3. CTA travel times could triple. Between crowds rushing to and from the festival on rail lines and hordes of festgoers flooding the streets blocking buses and cars, non-Lolla commuters should plan for lengthier travel times. One DNAinfo Chicago staffer recalls sitting on a southbound bus on Michigan Avenue for an hour to travel a dozen blocks a few years back.

4. Surge prices will skyrocket for Uber, Lyft and other ride-sharing services. Ride-sharing services are often significantly cheaper than hopping in a cab — except during competitive "peak" times when crowds are all clamoring for a seat. "Surge" or "prime time" pricing allows companies like Lyft or UberX to charge customers higher fares — sometimes raising them by more than 400 percent during busy times.

Expect late fees as well if you're trying to Divvy — Lollapalooza is heavily advertising the bike-sharing service, so docking stations could be packed or barren.

5. After-parties will flood your favorite venues. Park West, the Mid, Empty Bottle, JIMMY, Berlin and more will be out of commission this weekend, playing host to sold-out after-parties and DJ sets from headliners and undercards. And if you miss that after-party, you're out of luck, because ...

6. Bands on the lineup won't be back in Chicago for months. Lollapalooza's notorious and oft-criticized radius clause prohibits festival acts from performing within a 300-mile radius of the city for six months before and three months after the shows this weekend. If you've been dying to catch a set from the Arctic Monkeys or Kreweella and don't have a ticket to Lolla or their after-parties, you'll have to satisfy that itch with the Lolla Livestream.

7. Grant Park will take a serious beating. "Chicago's front lawn" already has been taken over by Lollapalooza setup for more than a week, and it typically takes about two months to restore the park to its former glory. The festival team picks up the tab, and residents get some bonuses along with repairs, but sections of the park that get a lot of traffic during the festival will be out of commission for weeks.

8. Lower tolerance for loitering in the Loop. In addition to closing off the streets surrounding Grant Park for the festival, security and police will be heavily monitoring the surrounding area for potential fence-hoppers and troublemakers. There's no ban on wandering the streets near Lollapalooza, but if you're too close to the fence, expect to be shooed away.
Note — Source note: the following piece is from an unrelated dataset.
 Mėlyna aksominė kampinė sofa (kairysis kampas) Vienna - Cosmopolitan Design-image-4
9. Street closures aplenty will make driving Downtown a nightmare. The Office of Emergency Management lists the following street closures associated with the fest:

• Balbo Avenue from Lake Shore Drive to Columbus Drive closed through Aug. 9

• Jackson Boulevard from Lake Shore Drive to Columbus Drive closed through Aug. 8

• Balbo Avenue from Columbus Drive to Michigan Avenue closed through Wednesday

• Jackson Boulevard from Columbus Drive to Michigan Avenue closed through Wednesday

• Congress Parkway from Columbus Drive to Michigan Avenue closed through Wednesday

• Columbus Drive from Monroe Street to Roosevelt Road closed through Wednesday

10. Rain could cause a catastrophe. Heavy rains left Lollapalooza 2011 a soggy mess. With possible thunderstorms predicted for Friday, this year's fest could see, at least, a return of the mud people, and at worst another massive evacuation. The good news: Meteorologists say sunny skies are ahead for Saturday and Sunday.

And if you decide to join 'em (since you can't beat 'em), beware of major markups from scalpers outside the sold-out fest: Resellers will be out in full force all weekend.
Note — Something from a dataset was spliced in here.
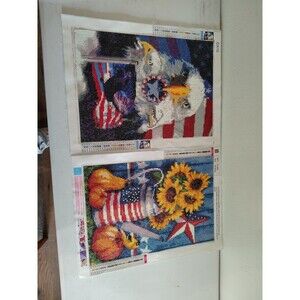 Patriotic American Pictures Finished Diamond Painting sealed-no frame- lot of 2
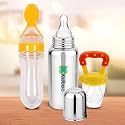Kidbea Stainless Steel Infant Baby Feeding Bottle, Silicone Food and Fruit Feeder BPA Free, Anti-Colic, Plastic-Free, 304 Grade Medium-Flow Combo of 3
Linden Falftien, a sales representative for Center Stage Tickets, 10409 S. Western Ave. in Beverly, said buyers need to use more "old-school" methods to get better deals on their tickets.

"Look for the local broker and make a phone call instead of just going online and hitting Craigslist," Falftien said.

"Deal with somebody reputable instead of a guy standing on a corner."

Buyers can contact sites like Ticketmaster and ask to verify the serial numbers on the tickets, a police spokesman advised last year.